First, in 2022, it seems clear that the US made sure to provide Ukraine with no weapons that could hit Crimea (even though that is legally part of Ukraine) because of escalation fears. Thus, Ukraine was provided HIMARs with only limited range ammunition—no ATACMS. And ideas like the US providing Ukraine with F-16s and JASSMs were definitely off the table.

Indeed, the US went out of its way to assure Putin that the US was not involved in any attacks against Crimea—disavowing knowledge of the October 2022 Ukrainian operation against Sevastopol.

Its a pattern that has been repeated with numerous weapons systems over the last two years. ATACMs, which could have helped immensely in 2022—were only given in late 2023 and in limited quality and range. F-16s are only now appearing over the skies of Ukraine, but they have only limited range systems.

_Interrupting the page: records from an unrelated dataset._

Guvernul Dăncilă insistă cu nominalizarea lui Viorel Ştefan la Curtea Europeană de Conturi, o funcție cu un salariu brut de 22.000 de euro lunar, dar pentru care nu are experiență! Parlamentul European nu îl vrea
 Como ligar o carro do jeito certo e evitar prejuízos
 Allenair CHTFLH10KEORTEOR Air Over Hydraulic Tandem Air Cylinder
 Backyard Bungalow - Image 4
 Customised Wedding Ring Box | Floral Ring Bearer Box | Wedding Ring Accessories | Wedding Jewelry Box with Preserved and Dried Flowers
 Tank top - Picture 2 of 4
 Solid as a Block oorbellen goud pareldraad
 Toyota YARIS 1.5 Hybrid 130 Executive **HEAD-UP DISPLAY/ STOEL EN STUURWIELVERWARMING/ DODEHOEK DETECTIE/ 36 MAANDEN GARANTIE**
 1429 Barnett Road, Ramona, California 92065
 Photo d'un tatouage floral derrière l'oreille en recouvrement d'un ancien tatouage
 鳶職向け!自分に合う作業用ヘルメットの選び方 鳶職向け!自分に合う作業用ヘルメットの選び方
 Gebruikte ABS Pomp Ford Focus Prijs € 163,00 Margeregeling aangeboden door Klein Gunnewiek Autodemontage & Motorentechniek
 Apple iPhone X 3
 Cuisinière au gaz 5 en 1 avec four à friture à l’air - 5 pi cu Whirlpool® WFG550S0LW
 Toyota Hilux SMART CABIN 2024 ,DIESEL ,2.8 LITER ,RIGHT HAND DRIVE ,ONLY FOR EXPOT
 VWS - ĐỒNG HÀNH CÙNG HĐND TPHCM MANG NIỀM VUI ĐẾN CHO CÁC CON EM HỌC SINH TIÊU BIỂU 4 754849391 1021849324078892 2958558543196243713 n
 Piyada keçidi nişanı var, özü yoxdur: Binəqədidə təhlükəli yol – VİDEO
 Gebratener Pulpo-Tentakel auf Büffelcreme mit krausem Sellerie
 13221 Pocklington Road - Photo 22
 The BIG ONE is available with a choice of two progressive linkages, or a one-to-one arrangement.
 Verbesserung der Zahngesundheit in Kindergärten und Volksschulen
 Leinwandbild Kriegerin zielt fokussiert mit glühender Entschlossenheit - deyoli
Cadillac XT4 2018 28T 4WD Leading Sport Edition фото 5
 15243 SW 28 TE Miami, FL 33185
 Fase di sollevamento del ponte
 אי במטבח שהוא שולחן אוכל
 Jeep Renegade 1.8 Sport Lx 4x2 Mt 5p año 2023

Its part and parcel of how US aiding Ukraine has made what should have been a much shorter war—much longer, more bloody and indecisive. The US has somehow intellectually separated battlefield operations (attacks say within 25 miles of the front lines) from long-range strike (attacks more than 50 miles—and into Russia itself). The Pentagon made that point apparent even the other day when it separated the need for long-range strike from Ukraine’s ability to liberate its territory. Once again, long-range strike was seen as too escalatory by the USA—something that could lead to nuclear weapons usage.

The remarkable thing is the persistence of this idea—in the face of repeated failure of the real-world to align with the assumed world, or the world of war games.

And this is what Ukraine is jumping up and screaming to the USA right now. We (Ukraine) are invading, taking and potentially going to hold and fortify the sovereign territory of a nuclear power—and that nuclear power is not using nuclear weapons against us.

This has always been the last assumed red-line of nuclear weapons usage—and the Ukrainians are marching an invasion force right across it.

What Does it Mean?

In a nutshell, we have built far too many of our policy assumptions for this war (and in general) on nuclear weapons usage. We have made it far more easy than it really is—by running countless war games and building in policy assumptions based on the idea that nuclear weapons usage is not only possible, but in many cases probable.

The war games argument by Chivvis is right in one sense. The war games would have seen the use of Russian nuclear weapons many time over by now—and very possibly the nuclear destruction of the world in a direct Russian-US nuclear war. The problem was that the war games and the assumptions were simply wrong.

The problem therefore is not in the real world—its in those games and assumptions. What the Ukrainians are teaching us is that there is a massive disincentive against the use of nuclear weapons by a nuclear power—even when they are invaded. In the case of Russia, its not as if Putin can simply press a button. The Chinese and the Indians, for two, the two most important states for the continuation of his war, have made it clear that they strongly oppose nuclear weapons usage.

Such a disincentive would be there for any other conflict involving nuclear powers. For instance, and this will have to be developed later, war games that result in a US-China war going nuclear based solely on battlefield issues are almost certainly as wrong as all the war games that had Russia going nuclear over Ukraine. Both the USA and China would have massive disincentives against using nuclear weapons that would almost certainly preclude their use.

Moreover, the way we are thinking about nuclear weapons is not only based on too easy a usage, its perversely constructed that if anything it makes nuclear weapons usage more likely. We are building in assumptions in our thinking that makes war longer and more destructive conventionally—on the assumption that this makes nuclear weapons usage less likely. However, nuclear weapons usage must be seen as less likely than we ever understood—but in lengthening wars we are probably increasing the likelihood of nuclear weapons usage in the end.

We need to rethink the entire way we approach the question of nuclear weapons usage—as Ukraine has and is teaching us. The present way is actually making the world more unsafe and arguably making nuclear weapons usage more likely, not less.